● **ABOUT THIS EXERCISE**
In the records below, find the line with "SPC ламинат My", then copy each line exactly until you have copied the line with "کلاه کپ ال سی وایکیکی مدل S5CS59Z8". Leave any picture out.

● **RECORDS FOR THE EXERCISE**
↓

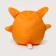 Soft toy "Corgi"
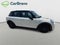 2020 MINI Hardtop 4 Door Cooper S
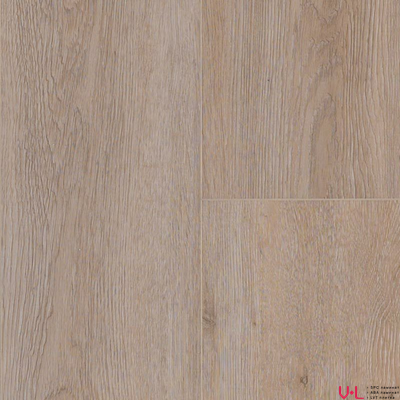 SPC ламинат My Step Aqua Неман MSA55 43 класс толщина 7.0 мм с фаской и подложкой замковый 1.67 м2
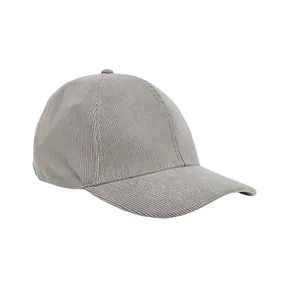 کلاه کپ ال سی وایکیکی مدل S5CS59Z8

↑
↓

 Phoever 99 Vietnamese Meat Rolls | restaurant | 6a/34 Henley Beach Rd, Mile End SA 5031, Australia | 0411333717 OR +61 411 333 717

↑
↓

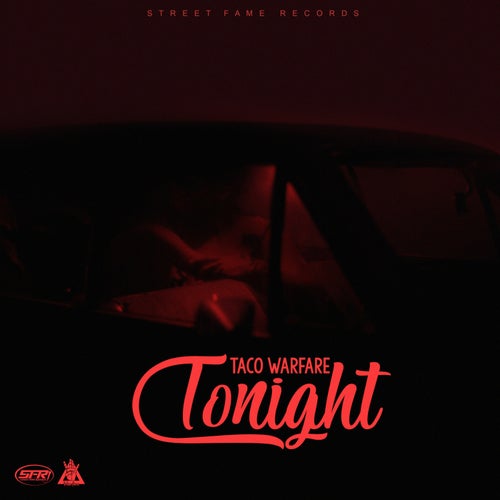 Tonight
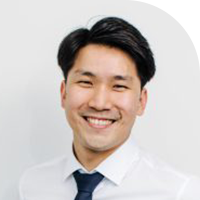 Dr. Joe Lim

↑

● **WRITTEN REPLY**
 SPC ламинат My Step Aqua Неман MSA55 43 класс толщина 7.0 мм с фаской и подложкой замковый 1.67 м2
 کلاه کپ ال سی وایکیکی مدل S5CS59Z8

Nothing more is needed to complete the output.